The public wants a say in how research in to the manufacture of synthetic life is conducted, according to a report.

The Synthetic Biology Public Dialogue was commissioned by the two UK research councils responsible for funding what has been dubbed "synthetic biology".

It sets out to advise the funders of this research how best to proceed.

The report revealed that people are comfortable with the the idea of creating life, but only if it is properly regulated.

It also found that people wanted an assurance that the research could bring tangible benefits.

The research councils, the Biotechnology and Biological Sciences Research Council (BBSRC) and the Engineering and Physical Sciences Research Council (EPSRC), embarked on their public dialogue in late 2009.

The resulting report concluded that people wanted scientists who worked with the bits and pieces of life to do so with humility and respect for the material they were working with.

It also showed that people wanted to have a say in how the research was conducted and how grants were awarded. There should be consideration of social values as well as scientific merit, they said.

Professor Paul Freemont, co-director of the UK centre for Synthetic Biology at Imperial College London, said his gut reaction to this idea was that it could be "very difficult".

But he said that as he thought more about it, he decided it was a "good idea".

"We want the science to flourish," he said, "but we also want it to be acccepted. We want the public to engage with it, understand it and also to influence it".

Such direct input by the public has never been tested in scientific research, but the report's author Dr Brian Johnson argues that there has never before been anything as potentially world-changing as synthetic biology.
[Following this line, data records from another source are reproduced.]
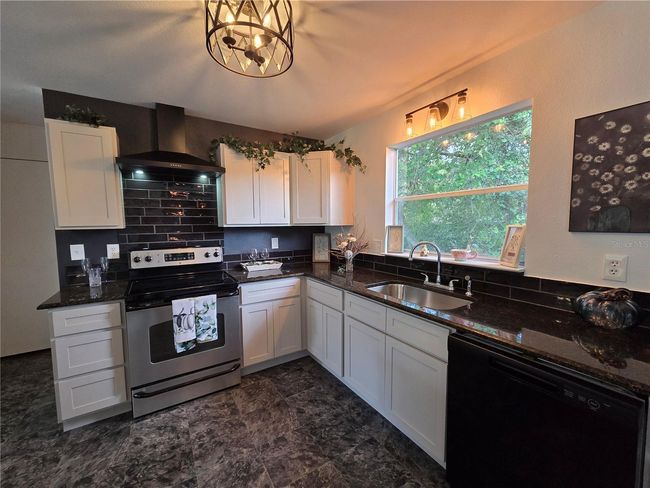 47807 State Road 19, House other with 3 bedrooms, 2 bathrooms and null parking in ALTOONA FL | Image 16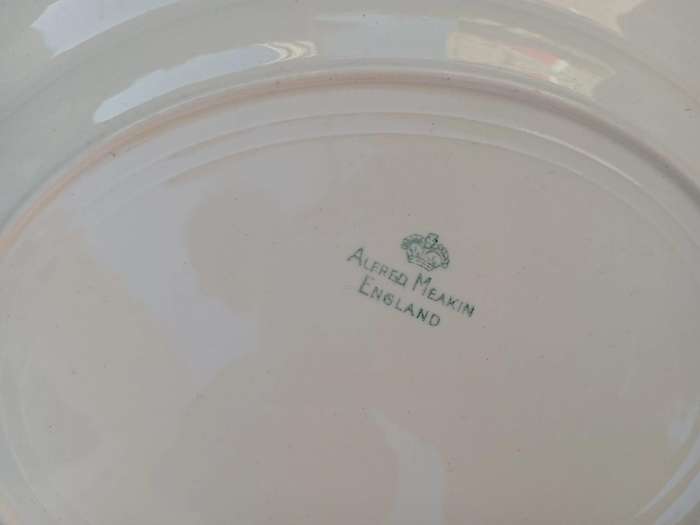 ALFRED MEAKAN  PLATTER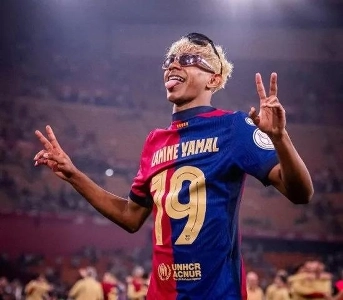 今年ついに19歳になるサッカー選手。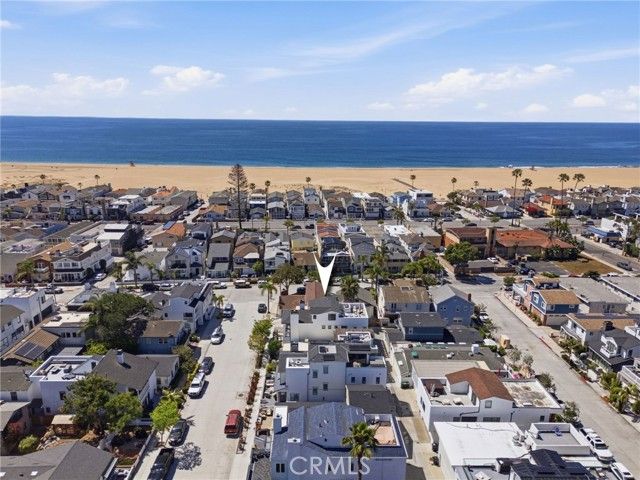 305 Montero, Newport Beach, CA 92661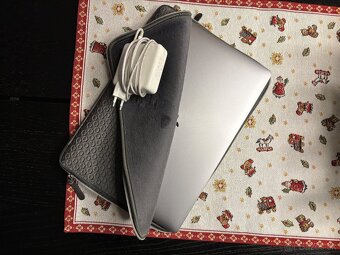 Predám MacBook Pro 15” (Mid 2016) – Výborný stav - 3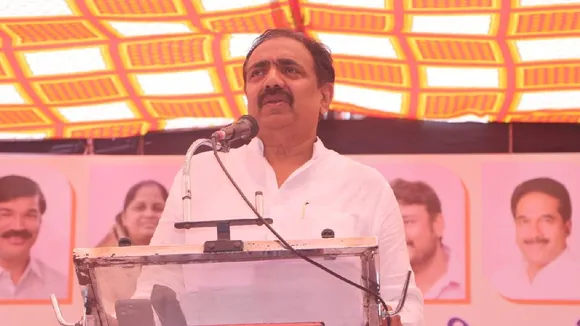 Maharashtra Politics : મહારાષ્ટ્રના રાજકારણમાં ઉથલપાથલ હજુ પણ ચાલુ જ છે. જયંત પાટીલે (Jayant Patil) કહ્યું, "દરેક વ્યક્તિએ આ ઘટના માટે માફી માંગી છે. તેઓએ તેમાંથી કોઈ રસ્તો કાઢવા વિનંતી કરી છે. શરદ પવારે (Sharad Pawar) કોઈ પ્રતિક્રિયા આપી નથી."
"We are dealing here with the emergence of a very new culture which is taking biology to where it's always wanted to go," he said.

"We have spent the past thousand years learning how organisms work and interact. What synthetic biology is attempting to do is to not just take organisms apart but to put them together in a new way.

"So this is a real quantum leap in science which people have described as the second industrial revolution".

Believe the hype?

Following the recent announcement of the manufacture of "Synthia", which was described as the world's synthetic lifeform, many eminent scientists said that some people were "hyping up" the potential of the research.

Some have said that Synthia, created by the US scientist Craig Venter, should not be called a synthetic lifeform at all for technical reasons. And, according to Professor Freemont, a name change would make life easier for those working in the field.

"Having the word 'synthetic' next to the word 'biology' does provoke a reaction in people that can be negative," he said.

But Roland Jackson, chief executive of the British Science Association thinks that a name change for the field would be a mistake.

"Craig Venter did artificially create that cell," he said. "The concept of the synthetic and the natural are difficult oppostions for the public and scientists need to be aware of that.

"But I don't think they should be over-sensitive to it. They should say what they mean and mean what they say and I think the public respects an honest and open approach to this.